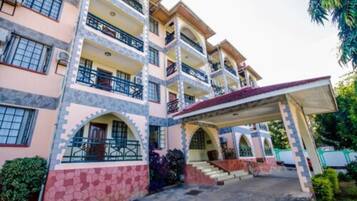 A multi-story hotel with balconies, a covered entrance, and a stone facade.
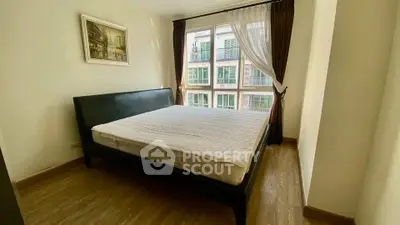 Spacious bedroom with large window and elegant decor in modern apartment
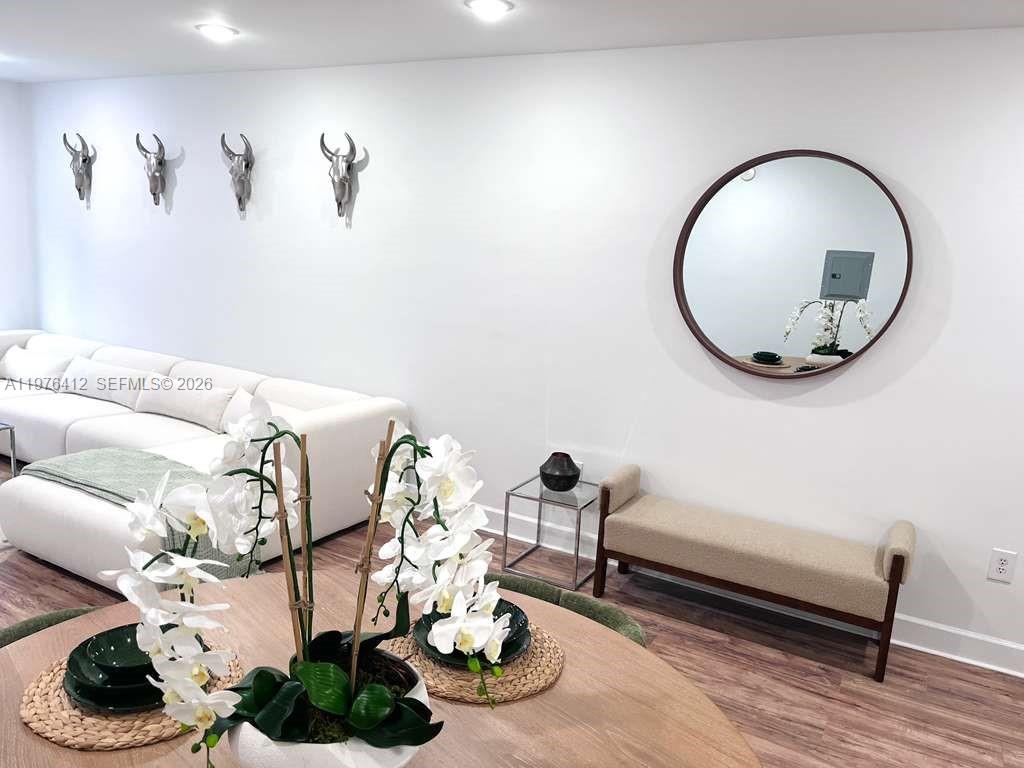 401 69th Street, Unit 405 Miami Beach, FL 33141 - Photo 3 of 20 a living room with furniture and a mirror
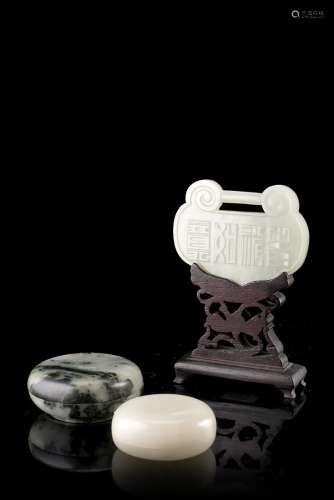 A pale celadon jade plaque, with inscription and two small circular boxes, with a wood baseChina,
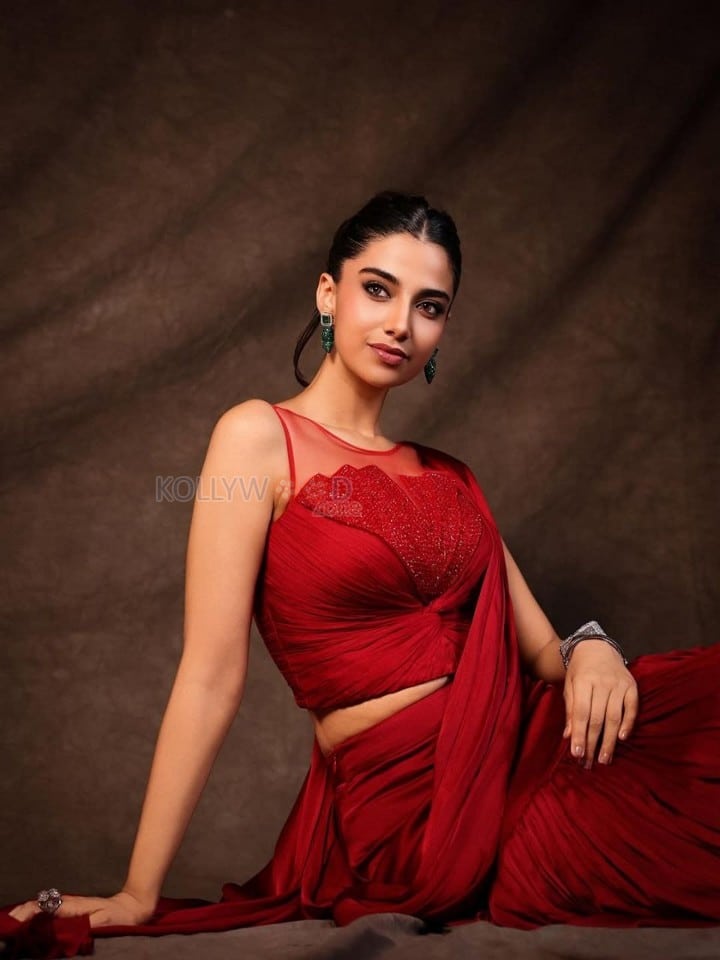 Glamorous Meenakshi Chaudhary in a Red Satin Lehenga Saree with a Embroidered Sheer Net Round Neck Photos 02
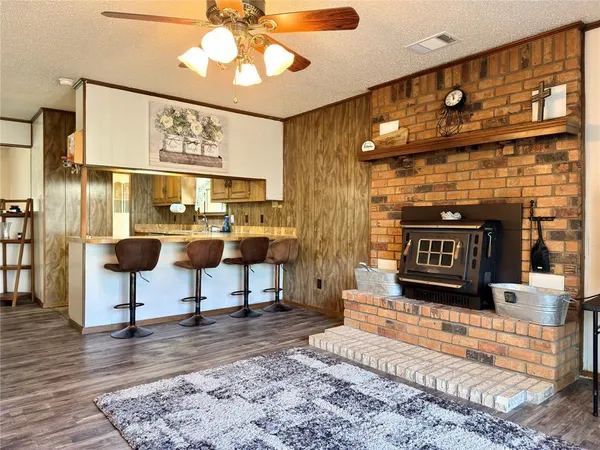 a kitchen with granite countertop a sink stainless steel appliances wooden floor and a counter top space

§

EXERCISE DIRECTIONS =>
The entries must be written out again unchanged. Images are to be left out.

WRITTEN SOLUTION =>
 A multi-story hotel with balconies, a covered entrance, and a stone facade.
 Spacious bedroom with large window and elegant decor in modern apartment
 401 69th Street, Unit 405 Miami Beach, FL 33141 - Photo 3 of 20 a living room with furniture and a mirror
 A pale celadon jade plaque, with inscription and two small circular boxes, with a wood baseChina,
 Glamorous Meenakshi Chaudhary in a Red Satin Lehenga Saree with a Embroidered Sheer Net Round Neck Photos 02
 a kitchen with granite countertop a sink stainless steel appliances wooden floor and a counter top space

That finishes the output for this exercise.